Matteo Vaccari > Applicazioni Web

The “N+1 queries” is a common performance problem that can happen when we deal with an entity that has a one-to-many relation to another. For instance, a Quote has-many Comments. When we display a page with all quotes we might use

def find_all_quotes(category_id)
  quotes = db_select
    "select * from quotes where category_id = #{category_id} limit 100"
  for quote in quotes
    quote[:comments] = db_select 
        "select * from comments where quote_id = #{quote.id}"
  end
end

You see that we are performing a first query to find the quotes, and then an additional query for every quote we found. This is obviously bad for performance. It's much more efficient to issue a single big query than many small queries.

For instance:

def find_all_quotes(category_id)
  quotes = db_select 
    "select * from quotes where category_id = #{category_id} order by quote_id limit 100"
  comments = db_select 
    "select * from comments where quote_id in " +
    "(select quote_id from quotes where category_id = #{category_id} limit 100)" 
  # loop through results and attach each comment to its quote
  # ... 
end

An alternative way would be to use a join like

select * from quotes q, comments c 
where c.quote_id = q.quote_id
  and category_id = #{category_id}

The choice to use a join or two separate queries depends on the particular case; in general the join is less efficient but not always.

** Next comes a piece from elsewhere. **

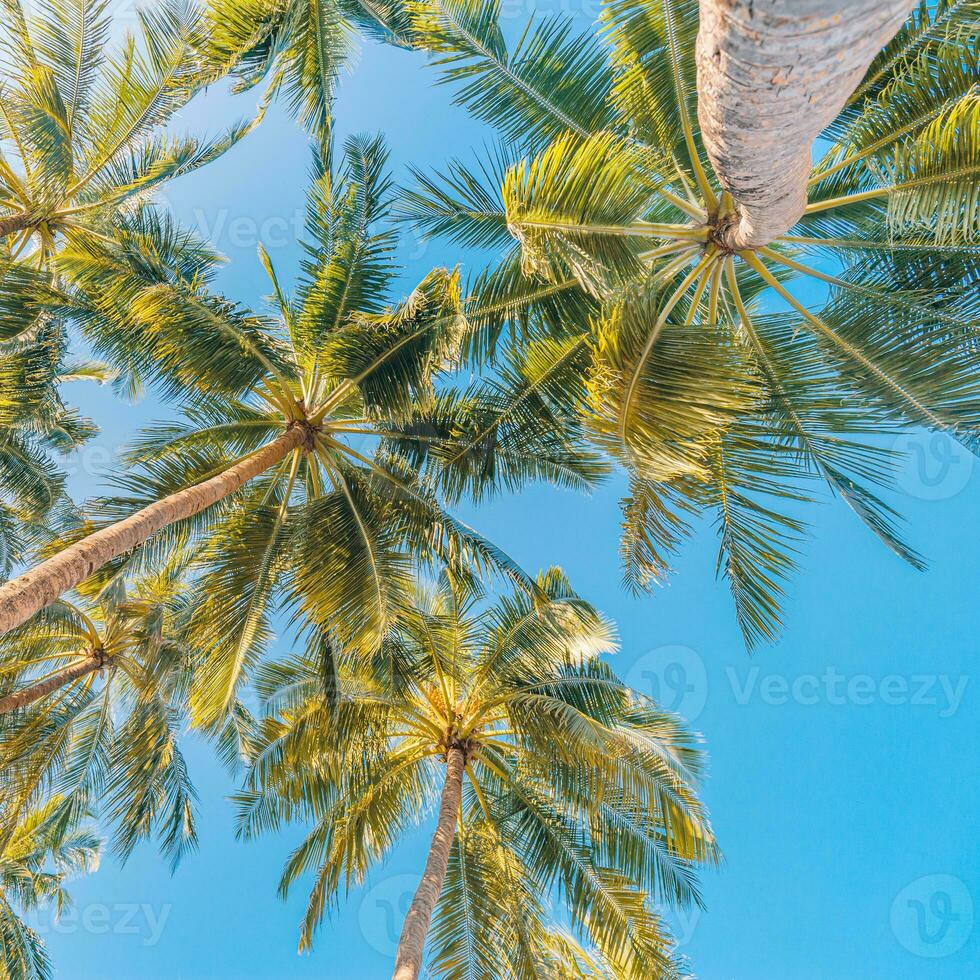 Perfecto Hora de verano vacaciones fondo de pantalla. azul soleado cielo y Coco palma arboles ver desde abajo, Clásico estilo, tropical playa y exótico verano fondo, viaje concepto. increíble naturaleza playa paraíso foto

In both cases some work must be done after the queries are done. The query results must be fixed so that the result of the find_all_quotes function is an array of quotes where each quote contains an array of comments. This is not a significant overhead, compared to doing N+1 queries.

Note: in these examples we assume that category_id was previously cleaned to protect us from SQL injection attacks.